Stonington Class of 2016 'became better because we had each other'
Stonington — The class president of Stonington High School's Class of 2016 told fellow graduates, who gathered together on Monday evening in brown and white caps and gowns, that "we became better because we had each other."
Zack Ethan Tedeschi said the graduates have accomplished so much — but will not stop here.
"This is only the beginning, not the end," he said at the Stonington High School commencement. "A door is closing, and thousands are opening."
Friends and family members packed the bleachers at the Donald E. Palmer Field at Stonington High School on the breezy evening, as members of the Class of 2016 received their diplomas, reflected on the past four years and looked forward to their future.
In the commencement address, Officer Thomas Paige, youth officer for the Stonington Police Department, asked the graduates to stand together to show their appreciation for all those who helped them along the way, from staff and teachers to family members.
Paige left the graduates with lessons on good decision-making, responsibility and perseverance.

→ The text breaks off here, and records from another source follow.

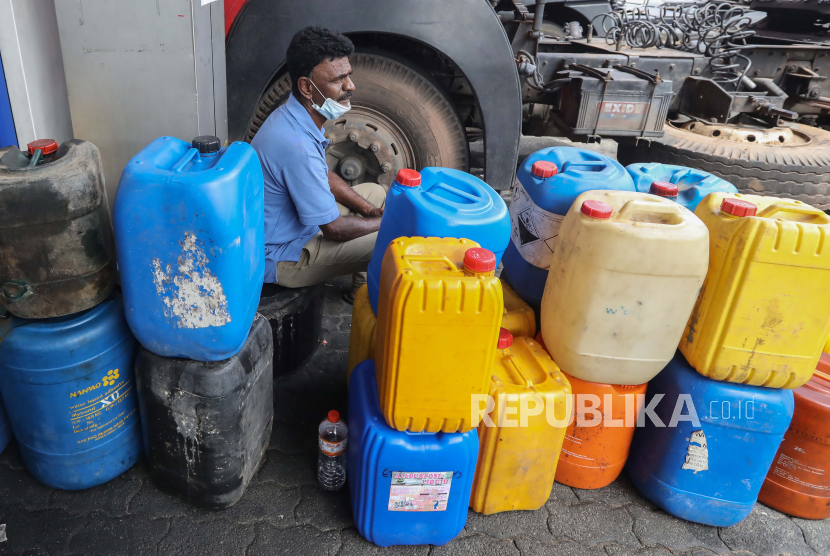 Seorang pria duduk di sebelah kaleng bensin di sebuah pompa bensin di tengah kekurangan bahan bakar di Kolombo, Sri Lanka, 17 Mei 2022.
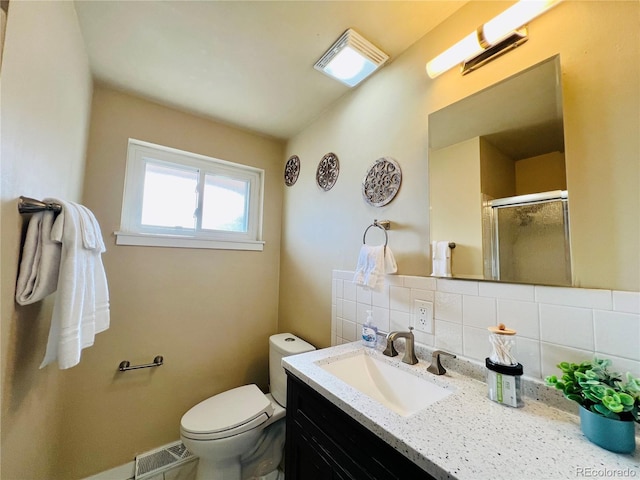 bathroom with visible vents, backsplash, toilet, vanity, and a shower stall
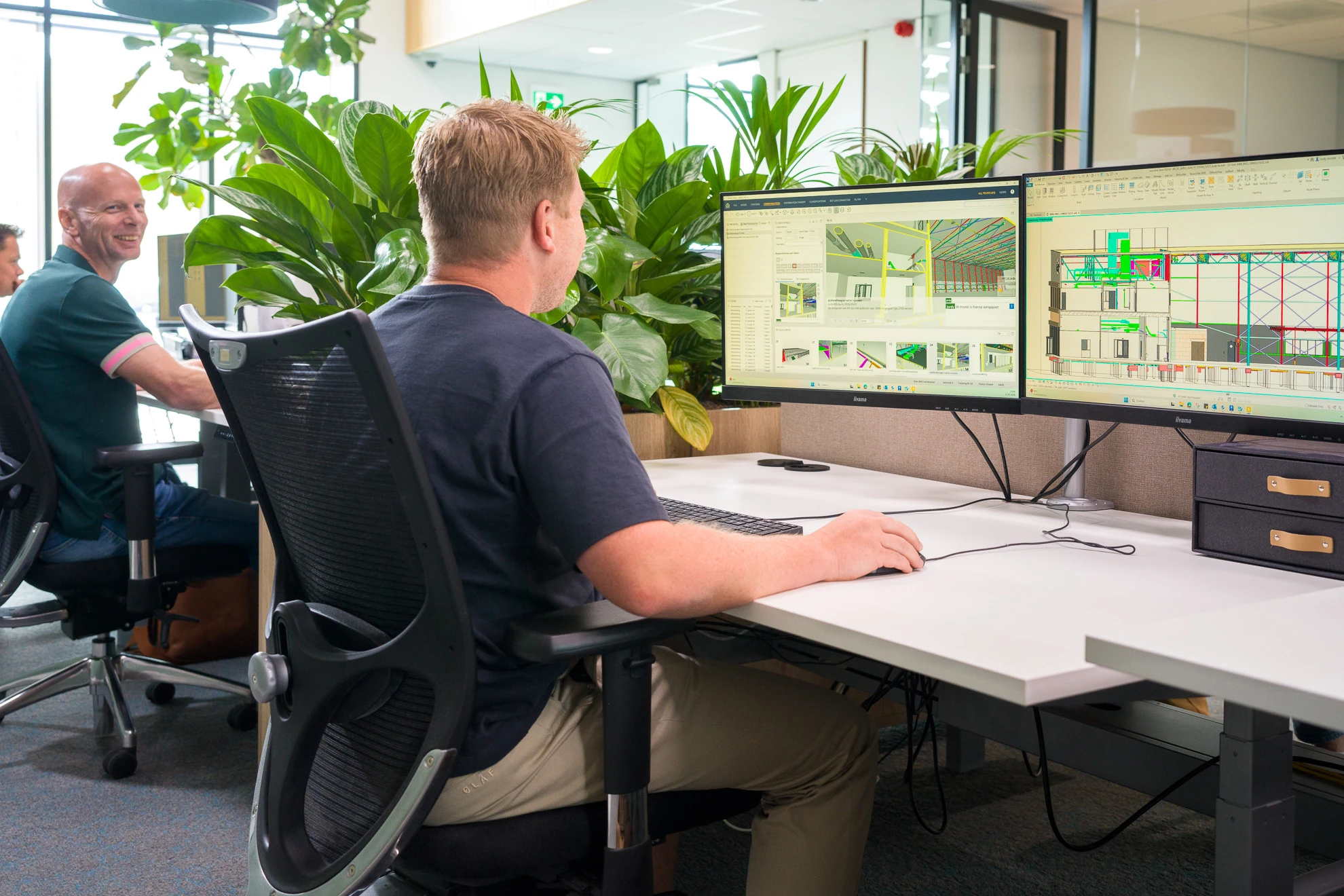 Medewerker van Archifit werkt aan een digitaal gebouwmodel op twee beeldschermen.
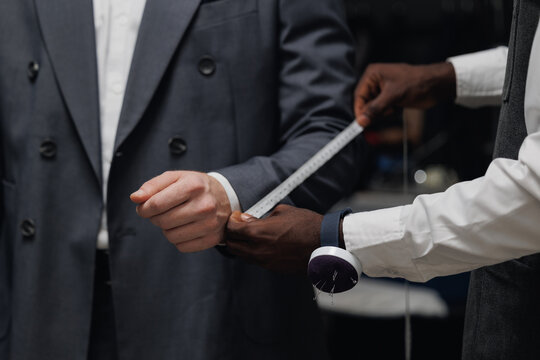Professional tailor measuring customer for bespoke suit in luxury designer atelier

He stressed the importance of understanding the consequences of decisions and learning from mistakes.
He told them that "success in life comes down to taking responsibility for your own actions."
Speaking about his own career path, Paige said that becoming a police officer was a career change for him. There were some obstacles along the way that delayed his goals, but he reached the position he wanted.
"My advice is: don't give up on something you want, if it doesn't come when you want it," he said. "Continue to reach and opportunities will come your way."
In the salutatory address, Haley Elise Duba said comparisons could be made among the characters in Winnie-the-Pooh's Hundred Acre Wood and members of the graduating class.
"Though we are all unique, it is the bonds between us that make us colorful as a class, that make us interesting, that make us into a story worth reading," she said. "As we look to the future, it is the story which we have told here that will guide us into the next chapters of our lives.
She said the class next year will represent 77 colleges and universities, 20 states, three countries, and four branches of the military.
During the ceremony, the graduates who will begin military service were recognized.
The ceremony also included a performance of "Home" by the Stonington High School Chamber Choir. Ruby Lee Robinson, a member of the class of 2016, read aloud a poem, titled "Metamorphosis."
Graduates wore blue ribbons in memory of Dorian Murray, an honorary graduate of the class.
Valedictorian Andrew Albert Frosti spoke about Miguel De Cervantes' "Don Quixote," and the enduring lesson of daring "to dream for a brighter future."
"The kind of enduring spirit it takes to believe in a better tomorrow, no matter what, is something that we are all born with, and it is something today I see in all my fellow graduates," he said.